С остальным оказалось куда сложней. Что есть эта любовь, о которой постоянно говорилось в берестяных свитках? А нежность? Преданность? Привязанность? Дружба? Мара исчертила не один берестяной лист, нарисовала десятки схем (их рисовала Морана, преподавая ей очередную науку). Разобраться, однако, так и не смогла.
И это… злило. Да, Мара знала теперь, что это жгучее, жгущее чувство в груди означает злость.
Сколько же еще нового открыть ей предстояло?
***
И хотя выбрана для Полоза жена и царица, во дворце Мораны ничего не изменилось. Бывшие невесты Полоза так и приходили в свои палаты, шили, вышивали, пряли, пели да беседы вели. О Драгославе только не говорили.
В голове Яснорады билась мысль, что ночами спать не давала. Если в свитках Мораны — воспоминания тех, кто пришел из Яви в мертвое царство Нави, значит, есть там и ее прошлая жизнь. Яснорада не знала лишь, сохранила ли она, как Настасья, свое имя или носила то, что Морана ей дала. Не знала, сколько веков или десятилетий назад жила в Яви. Но надеялась, что чутье, передавшееся ей от Ягой, подскажет, какая из жизней на свитках — ее жизнь.
Все те, что были во дворце, она давно уже перечитала. И ничего в ней не отозвалось. Но тех было совсем немного и все повествовали о старых временах — о Руси с ее церквями на холмах и золочеными куполами, с богатырями и поляницами, с князьями и их дружинниками.
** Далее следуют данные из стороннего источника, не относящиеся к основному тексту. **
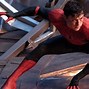Image result for Tom Holland Spider-Man Nanotech Suit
Не было в Кащеевом граде церквей, богатырей и поляниц не было, но все прочее Морана оттуда, со старых времен взяла. Из кожи вон лезла, чтобы сохранить город таким, каким он был столетиями назад. Знала, что Явь никогда ее не впустит, и остальным запрещала тосковать по тому, что навсегда для них утеряно. А значит, свитки, что повествовали о временах поздних, она спрятала. Если, конечно, и вовсе не сожгла.